Member: I've been married over 13 years but with my husband over 16 years. I truly love him, but I just don't have the energy to make love on a regular basis. He thinks that I'm avoiding him, but I'm just tired and not interested in making love. It's not easy when a 2 year old is screaming, "Mommy," when you're in the middle of doing it. I'm at the end of my rope and I'm afraid of losing him. I've talked with my doctor about this and actually asked if there is any medication out there to take and I was told to get a babysitter and go out on a date. Unfortunately, I don't have anyone around to babysit. What would you recommend for a situation that probably a lot of us are going through?

Weiner-Davis: Good question. DON'T WAIT TO FEEL INCREDIBLY LUSTY. Adopt the Nike philosophy, Just Do It. And there are many good reasons why I am suggesting this. For one thing, as a mother of two children, I know how trying and tiring and burdensome it is to try to be good at everything you do. But if you don't take this situation seriously now, you may not have a family in which to bring up your precious 2 year old.

Sexuality is a very important issue. If you are willing to take the Great American Sex Challenge I guarantee you your life will improve. In addition to becoming more proactive and being responsive to your husband, you might consider going to a sex therapist who can direct you to a doctor who is more informed about potential biological reasons a woman might be lacking desire.

The bottom line is that the road to boosting desire is not a precise science. There is lots of trial and error. The only way you can really create problems is by sticking your head in the sand, hoping it will go away, or telling your husband to take a cold shower. If you are willing to read this book, go to a doctor, or talk to a therapist or begin the journey to boosting desire, you'll be on the path to more closeness and connection with your spouse.

Member: Sounds like all of us on here want to try The Great American Sex Challenge -- tell us how.

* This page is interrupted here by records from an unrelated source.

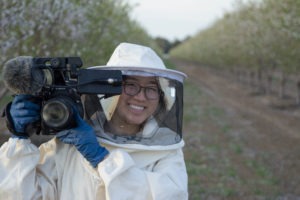 Kristin Hwang wearing a beekeepers outfit.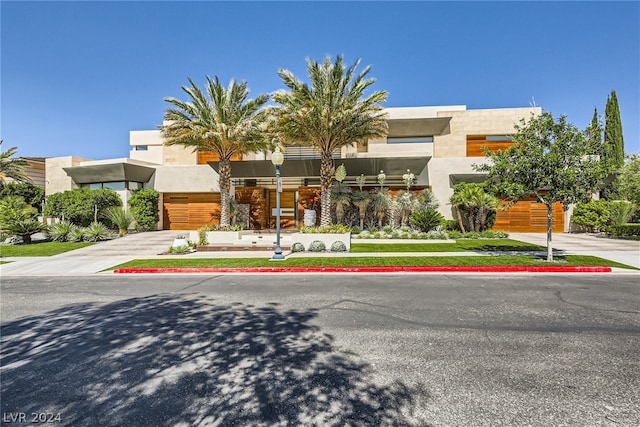 view of front of house with concrete driveway and stucco siding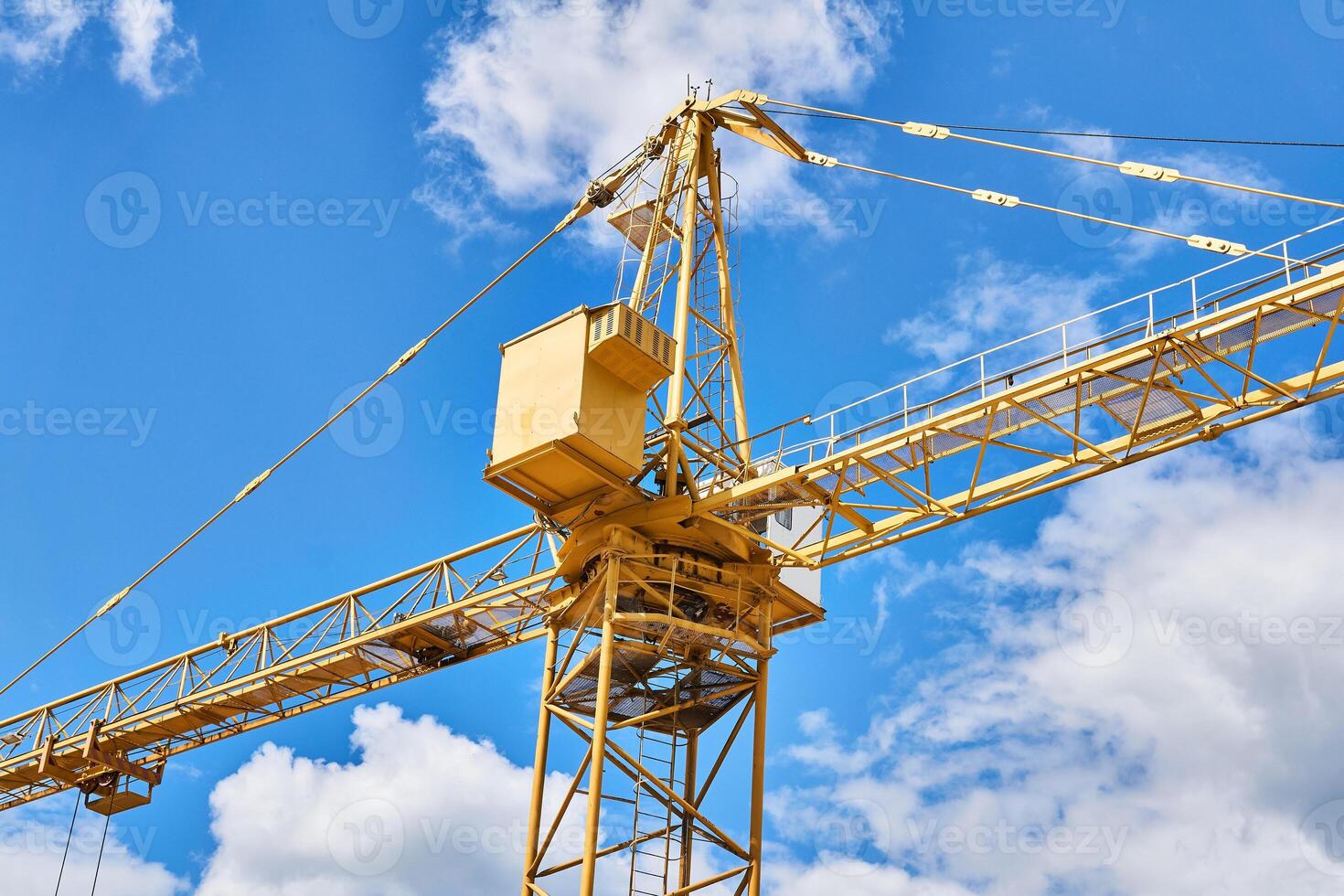 fragment of a construction tower crane against a sky
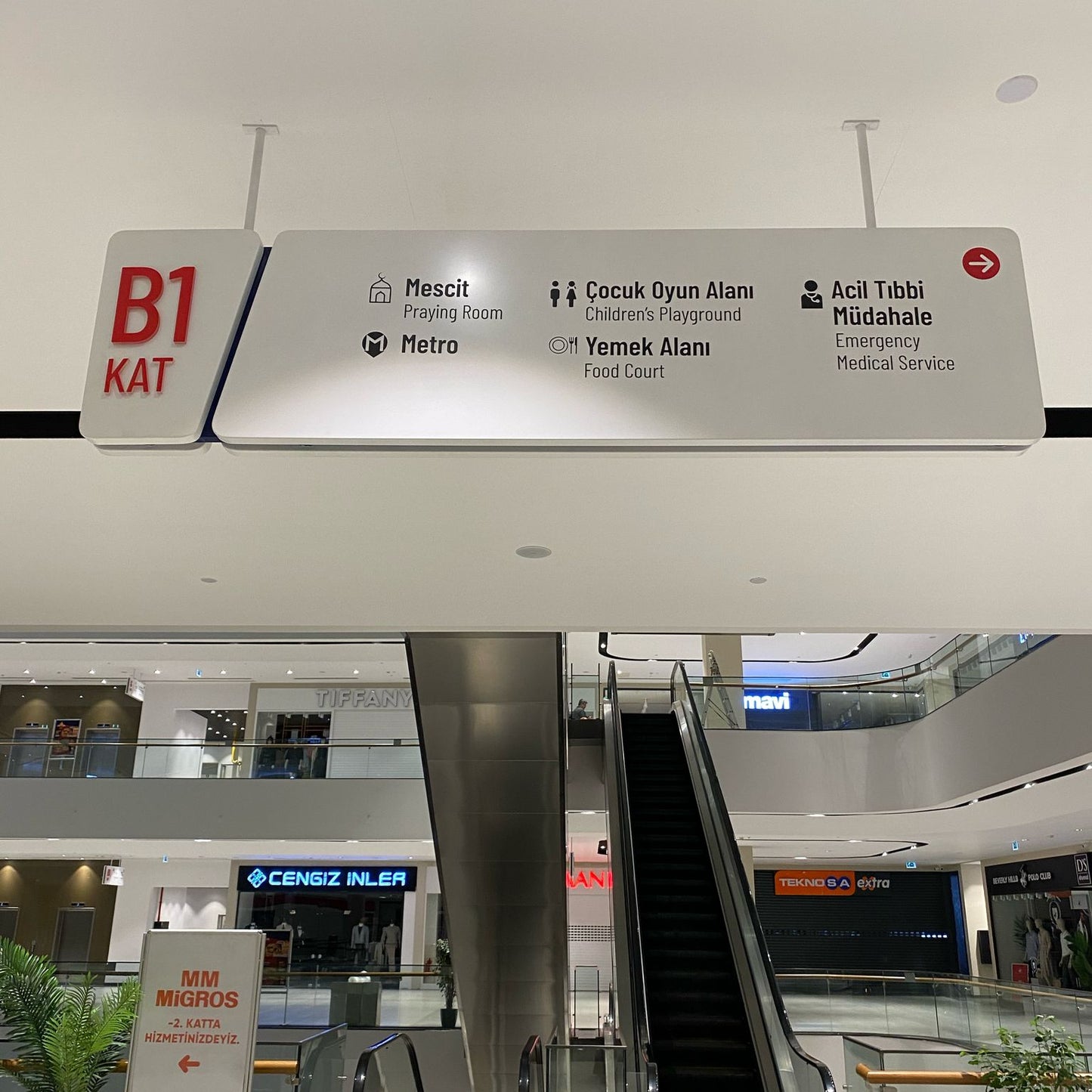 Mall interior with escalator and directional signs indicating different levels and facilities.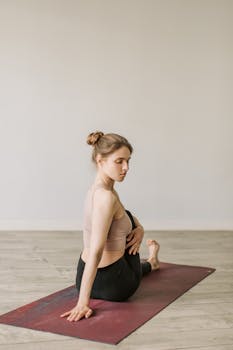 Woman in yoga pose on mat indoors, promoting fitness and mindfulness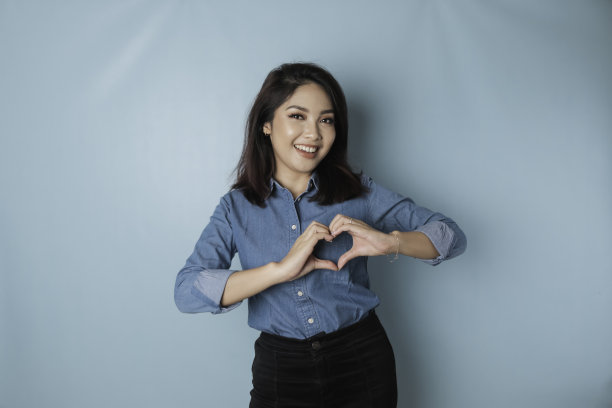 穿着蓝色衬衫的年轻迷人的亚洲女性感到快乐，浪漫的心形手势表达了温柔的感情图片下载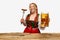 Smiling young redhead woman dressed traditional dirndl, holding huge juicy,appertizing Bavarian sousage and beer mug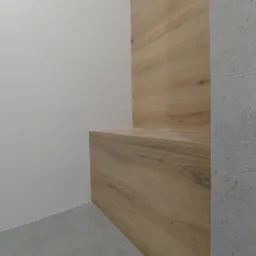 Nowoczesna łazienka z drewnianą półką wbudowaną w ścianę, białe płytki na ścianie i szare płytki na podłodze.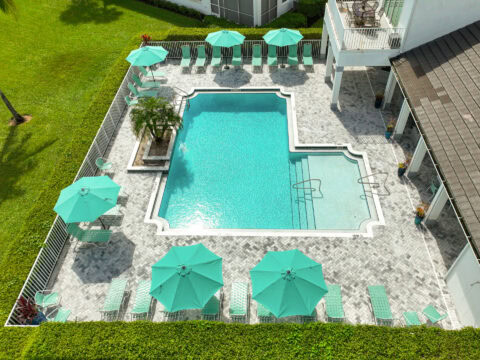 arial photo of paved pool deck by accurate pavers
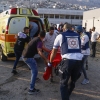 Israeli security forces and medics transport casualties along with local residents, at a site where a reported strike from Lebanon fell in Majdal Shams village in the Israeli-controlled Golan Heights area on Saturday.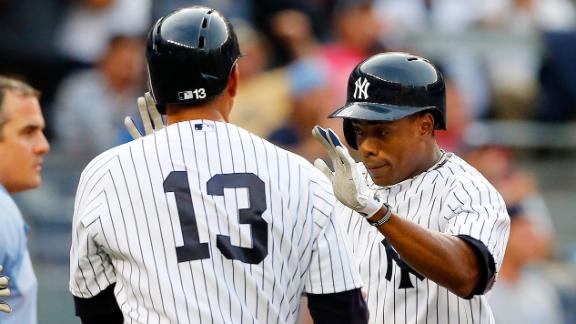 Pettitte, Yanks handle Jays after long delay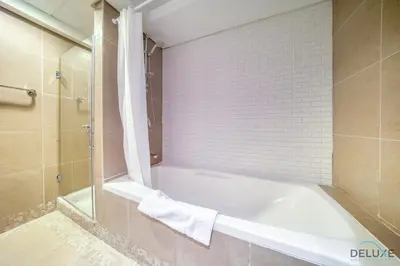 a bathroom with a bath tub and a shower at Gleeful 2BR at Sky Gardens DIFC by Deluxe Holiday Homes in Dubai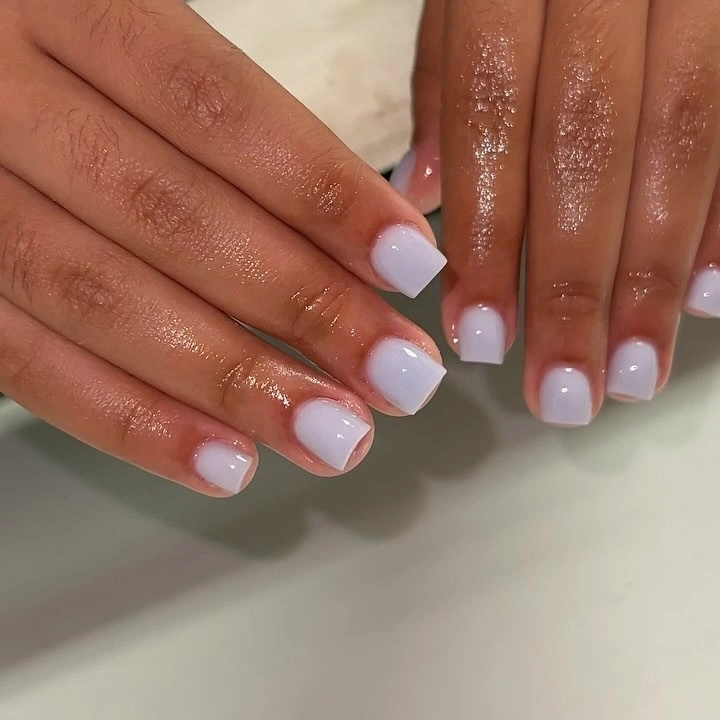 Short lavender pink square nails with a pale blue-white diffused tip transition
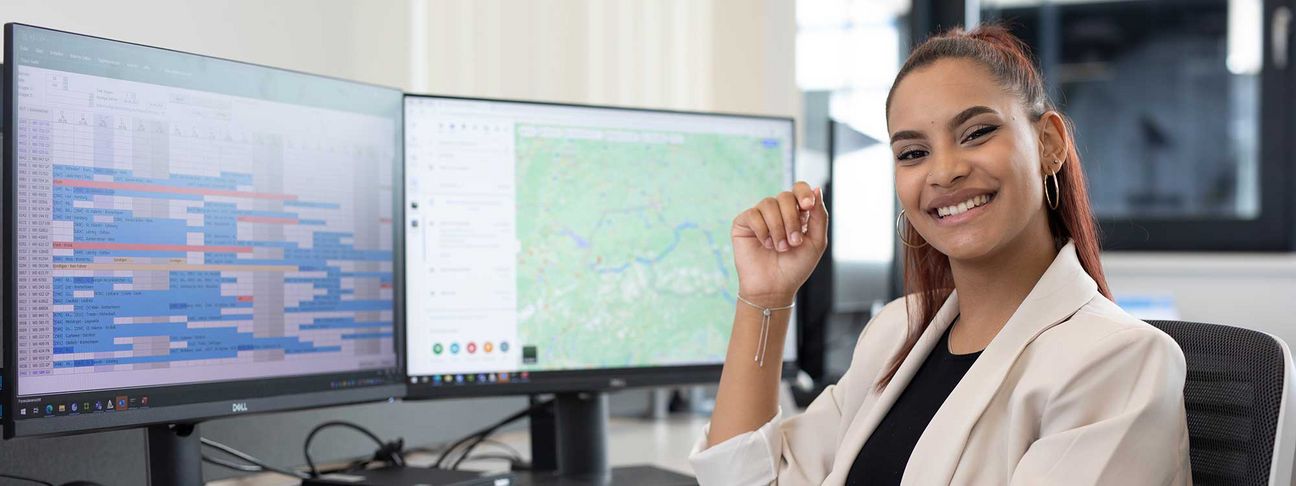 Lehre als Speditionskauffrau: Ein Lehrling sitzt vor dem Computer und lächelt in die Kamera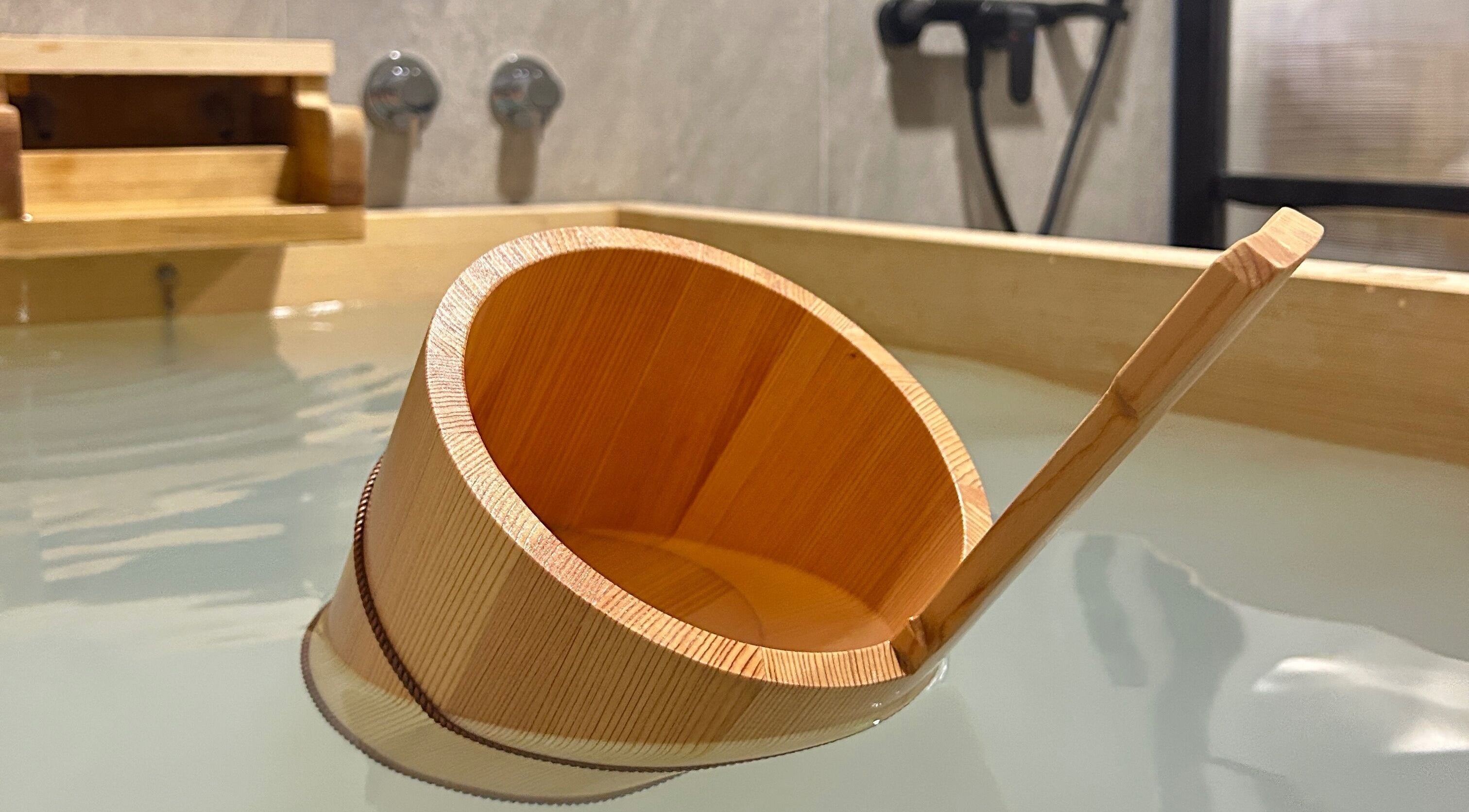 Bamboo bucket in spa bath at Sabaai Sabaai Boutique Thai Spa, Singapore, Singapore, SG.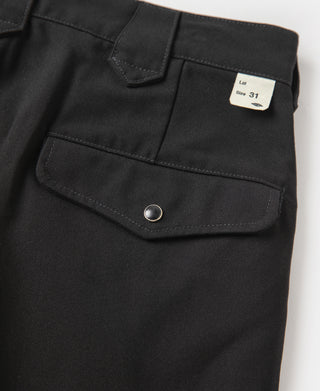 Black rockabilly style trousers with flap pocket and snap button front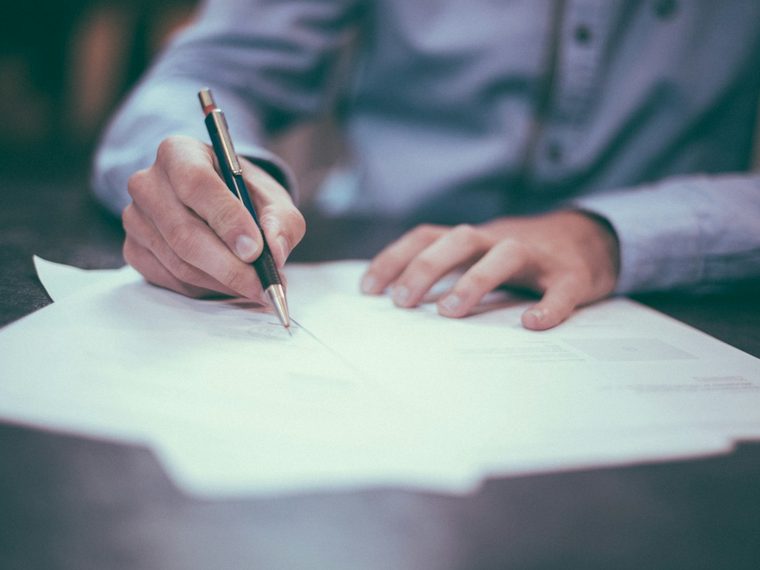 Client reviewing and signing a personal loan agreement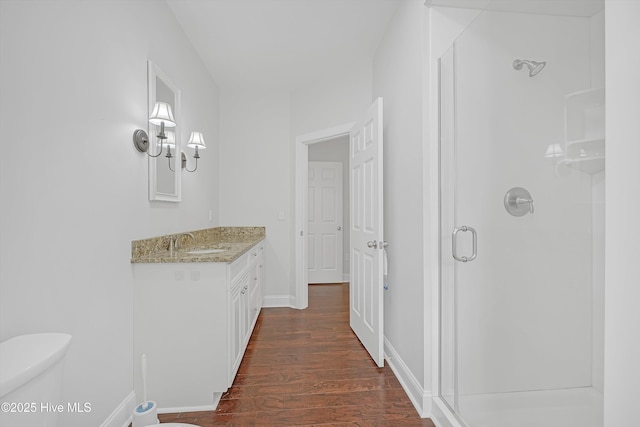 311 S Kingfisher Ln, Hampstead, NC 28443 - full bathroom with a stall shower, vanity, and wood finished floors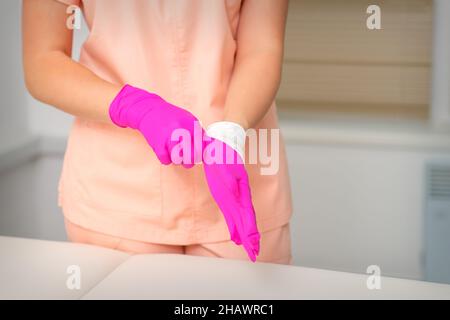 Mano di estetista mette su guanti rosa sterili si prepara a ricevere i clienti al chiuso Foto Stock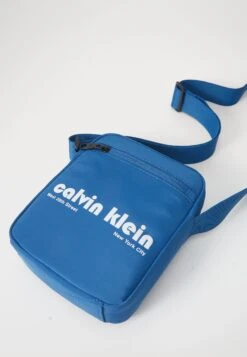 Calvin Klein Jeans GRAPHIC REPORTER - Cross Body Bag - Dark Blue -Stock X 68a6258b12a9451aa5df15394c76d2cd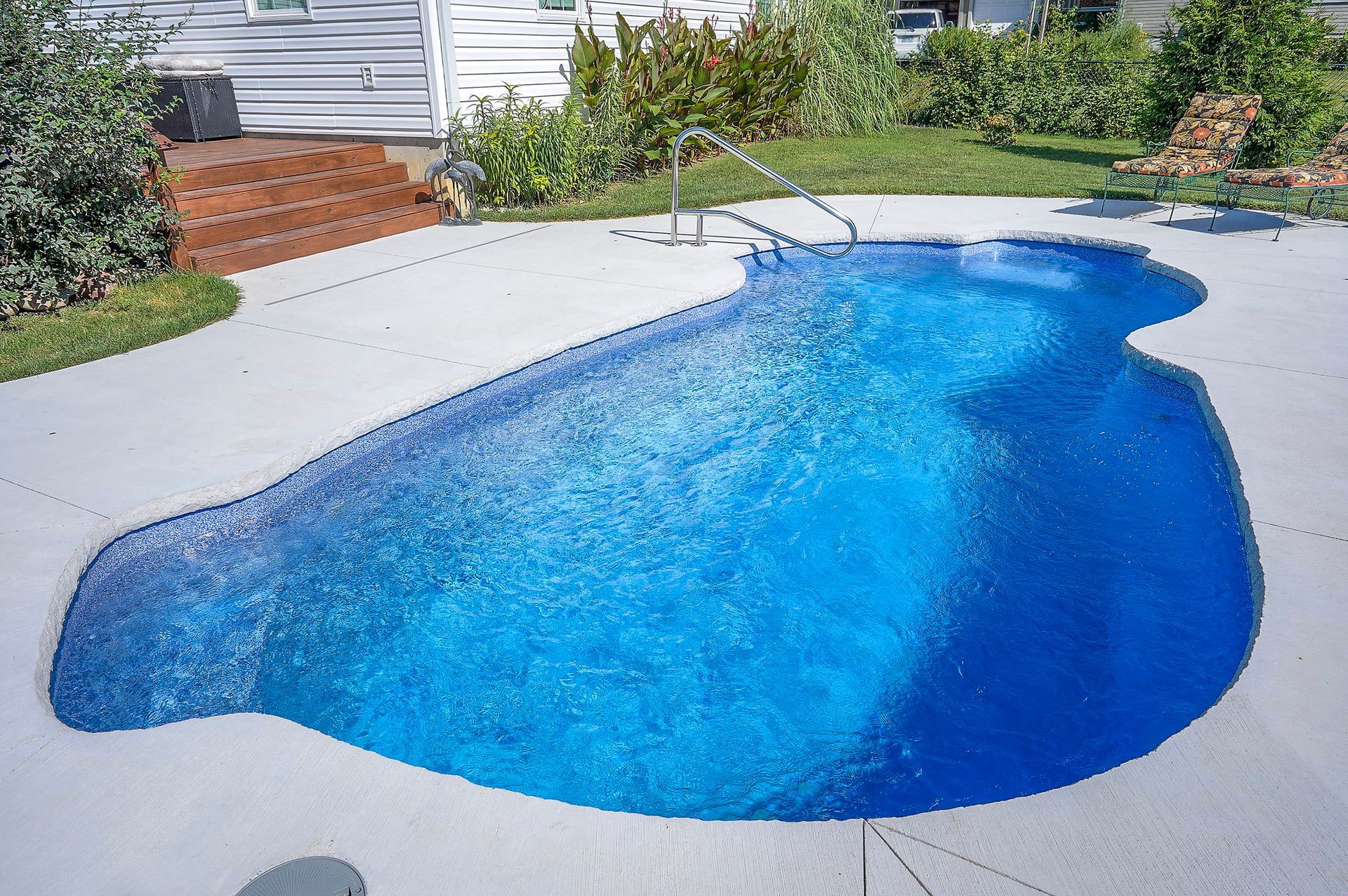 A blue-tiled, irregularly-shaped swimming pool surrounded by a concrete patio and grass.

Weiner-Davis: Again, for the next two weeks, whether in the mood or not, make your sex life a big priority: initiate sex, flirt, get out of sweat pants, grab your spouse as you pass in the hall, be more physical. And in the next two weeks pay close attention to the ways in which your spouse changes. Then you can report your findings at the message board at

Moderator: We will discuss the results in the near future -- look for an update on WebMD Live. Michele, we are almost out of time. Before we wrap up for today, do you have any final comments for us?

Weiner-Davis: It's really important for anyone chatting with us to know if they are struggling with a sexual desire gap, there are many things they can do to bridge the desire gap. You don't have to live with the distance -- both physical and emotional. You can become the friend and lover you really want to be.